As cicatrizes das cirurgias que necessitei fazer, cuido com carinho, afinal, sinalizam que algo não ia bem e que, graças a elas, estou aqui, vivíssima da silva. Jamais tatuaria uma rosa em cima, ou uma borboleta, ou qualquer que fosse a imagem. Minhas cicatrizes são capítulos da minha história: ninguém vira a página sem antes ler!
Há também aquelas cicatrizes abstratas, que as pessoas adquirem e às vezes não percebem a profundidade do corte.

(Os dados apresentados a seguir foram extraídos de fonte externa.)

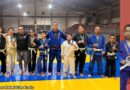 Atletas de Bastos conquistam 11 medalhas no 1º Rancharia Cup de Jiu-Jitsu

A maternidade é uma delas.
Ser mãe causa um corte tão profundo em nós, que chega a dar tontura, vertigens, mal estar mesmo. Perdemos a consciência. Mesmo aquelas mais quietinhas, com espírito de caramujo, viram leoas quando se tornam mães. Uma cicatriz no nosso jeito de ser impossível de camuflar.
Talvez por uma necessidade comercial, pintam a maternidade como se fosse uma propaganda de margarina, filmada em câmera lenta, com música clássica ao fundo. Mentira! Não caia nessa! Ser mãe (como qualquer corte até atingir a cicatrização), dói, lateja, inflama, te perturba mesmo! E paralelo a isso, vc não dorme mais. Se o sono cura qualquer enfermidade, comece a acreditar naquela velha frase que te diziam quando se machucava ainda criança: antes de casar sara! Porque se depender da imediatismo do sono para isso... esquece!
E aquela história de que mãe vive com o avental sujo de ovo? É propaganda enganosa, jamais acredite nisso. Pois a correria é tanta que não dá tempo de colocar o avental. Ficamos com ovo até nos cabelos, mas o avental continua lá, impecável, como éramos antes de nos tornarmos mães.
A verdade é que quando nos tornamos mães, percebemos como éramos vazias. Não no sentido da ausência de valores, mas num sentido físico mesmo. Percebemos que entre a cadeira e a mesa do jantar há um espaço enorme que pode ser preenchido. E é. Esqueça boas maneiras. Guardanapo no colo é coisa do passado.
Banho demorado? Perfeito pra quem tem filho! Porque agora, além de tomar banho acompanhada, vc terá de contar a história do sapo que não lava o pé, do jacaré que gosta de comer e do pintinho amarelinho. Lutemos para nos isentarmos da economia da água. Com um bebê em casa, isso é impossível.
Mãe, uma palavrinha tão pequena para um significado tão grande. E não importa se você é a mãe que gerou, a mãe que criou, a que cuidou, a que salvou, a que simplesmente ouviu. Não importa também se vc é um homem se passando por mãe, afinal, ser mãe não é gênero. Ser mãe é estado de espírito, é condição que a vida impõe. É um corte no nosso jeito de ser, daqueles bem profundos, profundos mesmo, cuja dor é inevitável e a cicatriz opcional, porém, quando assumida, chega a ter outro nome: um tal de amor incondicional.